Ghanaian programmer and humanitarian

Harriet Dansowaa Bruce-Annan (born as Grace Akosua Dansowaa Ani-Agyei on 19 December 1965) is a Ghanaian programmer and humanitarian living in Düsseldorf, Germany. She has become known as the founder of African Angel, a charity organisation which supports and provides training for children from the slums of Accra's Bukom district.

== Life and work ==
Bruce-Annan was born in Accra on 19 December 1965 to Victoria Lankai Lamptey. She spent her childhood in Adabraka and regularly visited her grandmother, who lived in a slum called Bukom. Despite all the suffering prevailing in her community, she still got along in her childhood.
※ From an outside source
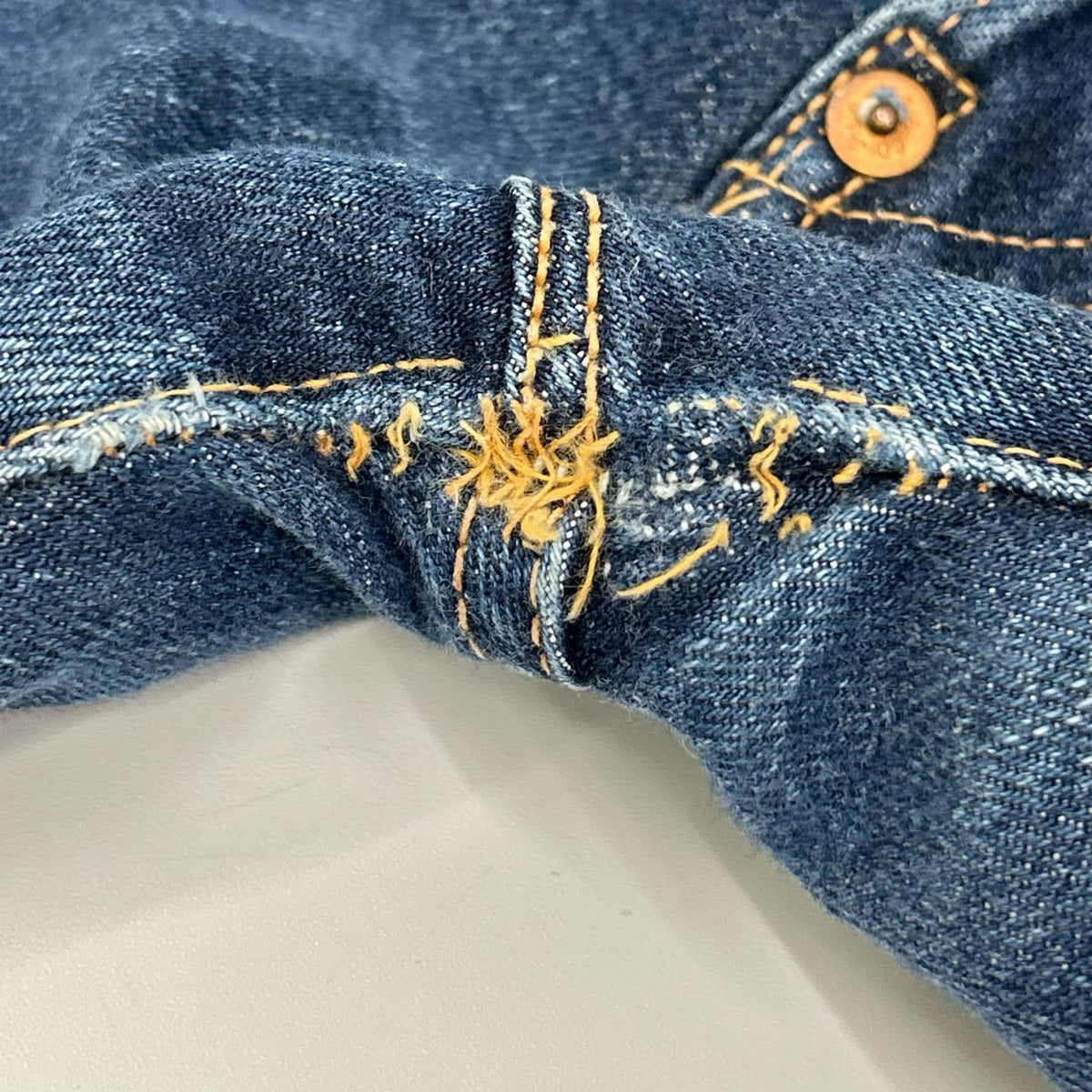 LEVI'S リーバイス 【LVC】37501 501XX 復刻モデル ボタンフライ デニムパンツ ボトムス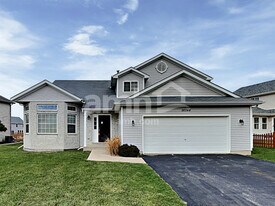 26344 W Wild Rose Dr in Channahon, IL - Building Photo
With the help of her uncle, she later studied programming in Ghana. Her first job was with a German computer company.

In 1990, Bruce-Annan emigrated with her husband to Germany, after he had promised her a better education in Europe. She went to Germany as an employee of the British Forces. Upon arrival, they lived in a hotel in Düsseldorf, before moving into an apartment in Oberhausen, Germany. However, following several cases of abuse, she fled to a women's shelter in Düsseldorf. There, she first worked as a nursing assistant, then as a lavatory attendant at the Düsseldorf fair and at the "Goldenes Einhorn" (Golden Unicorn) pub on Ratinger Straße.

While at Düsseldorf, she began collecting money to help orphans in the slums of Bukom in Accra. On 15 September 2002, together with six others, Bruce-Annan founded the African Angel Association. In 2004, she flew from Düsseldorf to Ghana with 5,000 euros to start her African Angel Association. The Association supports children from the Bukom slum, particularly orphans, by financing their education and training.

In 2008, Bruce-Annan was invited to the Berlin Senate conference, where the role of knowledge in international migration was discussed. In 2009, she appeared in on NDR television and on Markus Lanz talk shows. Bruce-Annan has been touring Germany and Austria for several years to present her project.

== Awards ==
On 31 March 2011, she was named the "heroine of everyday life" by the magazine Bild der Frau at a gala in Berlin and was awarded prize money of 30,000 euros.

Bruce-Annan was also awarded the Cross of Merit on the ribbon of the Federal Republic of Germany on the occasion of International Women's Day in March 2013.

== Literature ==

- Beate Rygiert: African Angel: changing the world with 50 cents / Harriet Bruce-Annan. Lübbe publishing house, Bergisch Gladbach 2009, ISBN 978-3-7857-2384-5.